Character witnesses mattered. Former girlfriends vouched for the defendant’s past behavior, especially toward women. The fact that he was a helicopter pilot fighting forest fires at age 23 bolstered his character. The rape he was accused of was out of character for him. The victim had few character witnesses, no former boyfriends who vouched for her behavior, and that bothered a lot of the jurors.

Due to the drunken nature of the sexual encounter, many of the jurors concluded there was ample culpability for both victim and defendant. Although both seemed culpable, only one was on trial and faced prison. The victim had the vast resources of the state behind her, but the defendant, probably helped by his parents, had to pay dearly to stay out of prison. It seemed unfair.

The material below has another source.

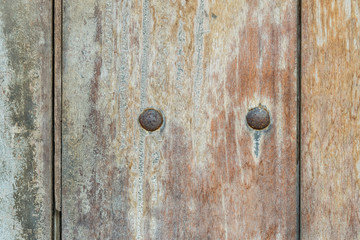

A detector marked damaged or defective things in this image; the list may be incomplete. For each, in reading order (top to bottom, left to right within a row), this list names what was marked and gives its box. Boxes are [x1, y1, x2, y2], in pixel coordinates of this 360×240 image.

Although our jury voted 12-0 to acquit the defendant on both Rape 1 counts, the two youngest women on the jury voted to find him guilty on the Rape 2 charge. As the youngest, a 20-year-old, bluntly put it: “I want justice.” I responded to her appeal for justice with: “Lots of people today want to punish men for their bad behavior towards women. Let’s make sure we don’t make this 23-year-old kid a sacrificial lamb to atone for the behavior of the Harvey Weinsteins and Bill Cosbys of the world.”

There is a dangerous sentiment in today’s society to punish all men for the way some have behaved in the past. An accusation is often enough to ruin a career. Once we rendered our verdict, the prosecutor asked for a poll of the jurors to see who voted which way. I’m sure she put it in her memory bank that the two youngest women on our jury, not the older men and women like me, made better jurors for her side.

It was a “not guilty” verdict this time, but I fear the “evolving” nature of these cases, the learning curve of the prosecutor, and current public sentiment to make men pay the price for their “misbehavior” does not bode well for future defendants, whether they are guilty or not.